Reflecting on Engineering Practice
When I was a boy, playing in the sandbox or building with blocks, I dreamed of building cities. I feel fortunate to be in a profession which allows me to fulfill that dream. To enjoy your job is a more important measure of success than the amount of money in your bank account. My favorite definition of success is borrowed from Ann Landers:
- To laugh often and love much
- To win the respect of intelligent persons and the affection of children
- To earn the approval of honest critics and endure the betrayal of false friends
- To appreciate beauty
- To find the best in others
- To give of one’s self without the slightest thought of return
- To have accomplished a task, whether by a healthy child, a rescued soul, a garden patch, or a redeemed social condition
- To have played and laughed with enthusiasm and sung with exhultation
- To know that even one life has been made easier because you have lived
Civil engineers are the builders of the world. To be effective as builders, we need to define our role as broadly as possible. Civil engineers are mindful that in the broadest sense, they are serving people. It is the branch of engineering closest to the public and their government. In the transportation portion of the profession – the part with which I am most familiar – we have defined our role as promoting the safe and efficient movement of people and goods. Everything we do must be measured against that standard. That means that we have to be involved in more than just signs, signals, and pavement markings. It also means that we must be involved in a broad range of activities not traditionally associated with engineering (Public relations, budgeting, etc.)
Engineers like to handle things, touch them, put them in order, get them organized so they work right, count them and stack them up (make sure they are all there), and to do all of this efficiently. All of this is good in itself, and vital to your success as an engineer – but these valuable characteristics and abilities should come with a broad viewpoint so that your objective does not become so narrow. The skills required to be a successful engineer go beyond engineering analysis. Skills in communication and knowledge of politics, psychology, management, and salesmanship are also required. The successful engineer must develop his professional artistry.
In his book, “The Reflective Practitioner,” Donald Schon, Ford professor of urban studies and education at M.I.T. examines five professions – engineering, architecture, management, psychotherapy, and town planning – to show that most professionals “know more than they can say”; that to meet the unpredictable situations of their daily work, professionals rely less on formulas learned in graduate school than a kind of improvisation learned in practice.

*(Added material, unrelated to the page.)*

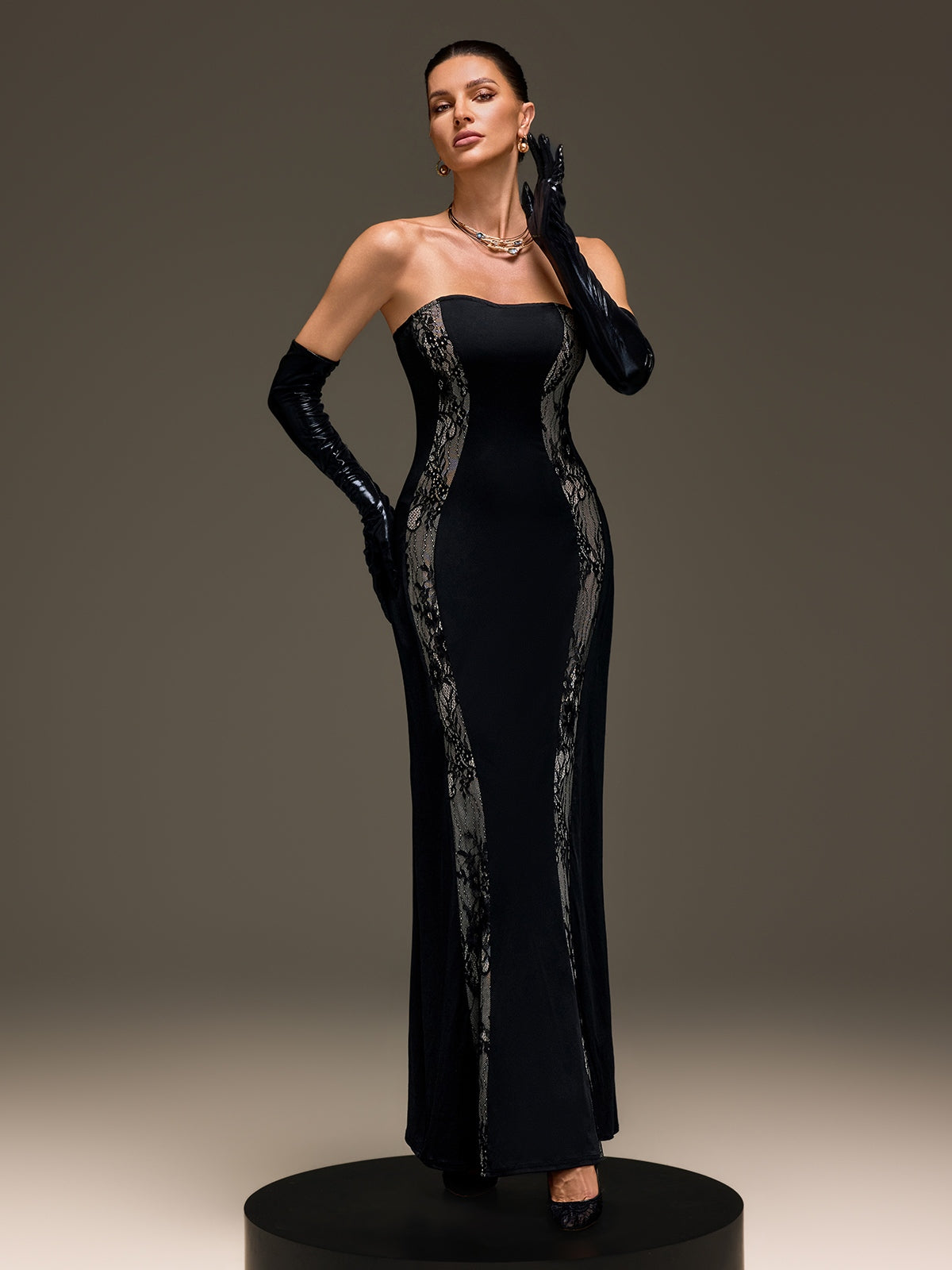 Lennardix Strapless Lace Up Maxi Dress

The improvisation, or professional artistry, that Schon is talking about is akin to what baseball pitchers call “finding the groove,” and jazz musicians call “getting a feel” for the music. We are accustomed to thinking of professionals, especially engineers and other science-based ones, as holders of technical skills and specific knowledge. Schon indicates that the essence of professional knowledge is the ability to, as he puts it, “reflect in action”.

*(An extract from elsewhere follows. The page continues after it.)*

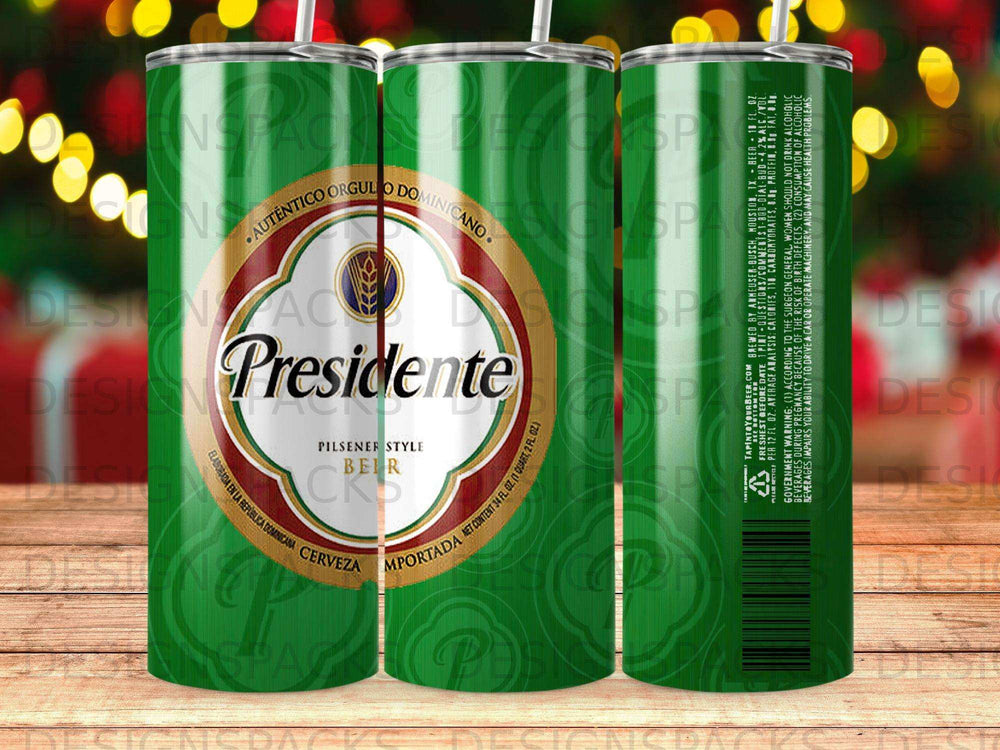 Presidente Pilsener Style beer can with Dominican Republic branding.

Just as a skilled tennis player learns to plan the next shot in the split second between exchanges, so, too, do professionals constantly reflect as they take action is their daily work. Schon’s point is that this creative ability is vital to the individual professional’s success and to their collective value to society. Moreover, it is a definable process that can and should be taught and encouraged in schools, business, and government settings – something that happens only rarely now.

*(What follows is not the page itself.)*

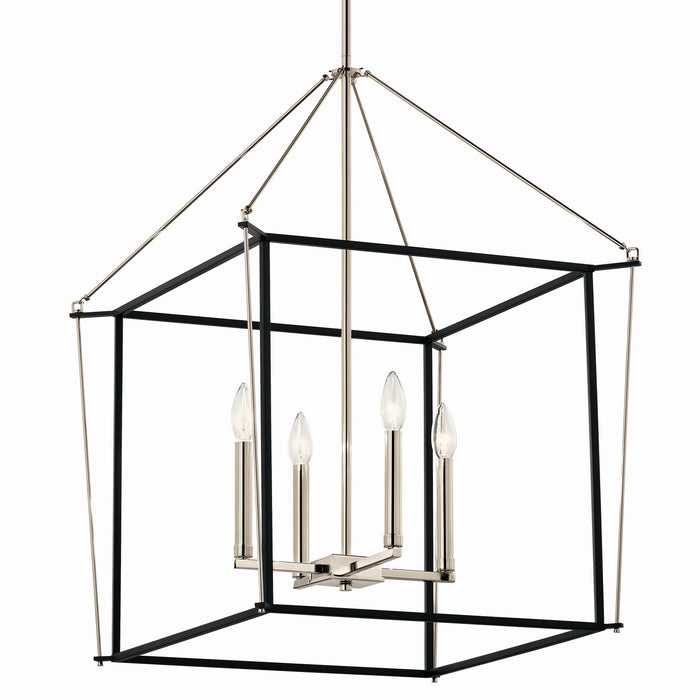 Kichler 52627PN Four Light Foyer Pendant, Polished Nickel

This kind of reflection, wherein professionals evaluate and readjust their frame of reference and their view of a problem, is for the most part ignored today in university study in favor of stressing technical skills. Yet this ability is needed more than ever in the professional world. Engineers, for example, are today confronted with an unprecedented “requirement for adaptability”. The dilemma of the professional today lies in the fact that both ends of the gap he is expected to bridge with his profession are changing rapidly; the body of knowledge he must use and the expectations of the society he must serve.
I am proud to be a civil engineer – one of those people servers who gets to fulfill his dream of building a city while serving his fellow man. Being a civil engineer is even more fun than I thought it would be when I was in college. I believe it is important for engineers to define their objectives as broadly as possible and to strive to develop professional artistry.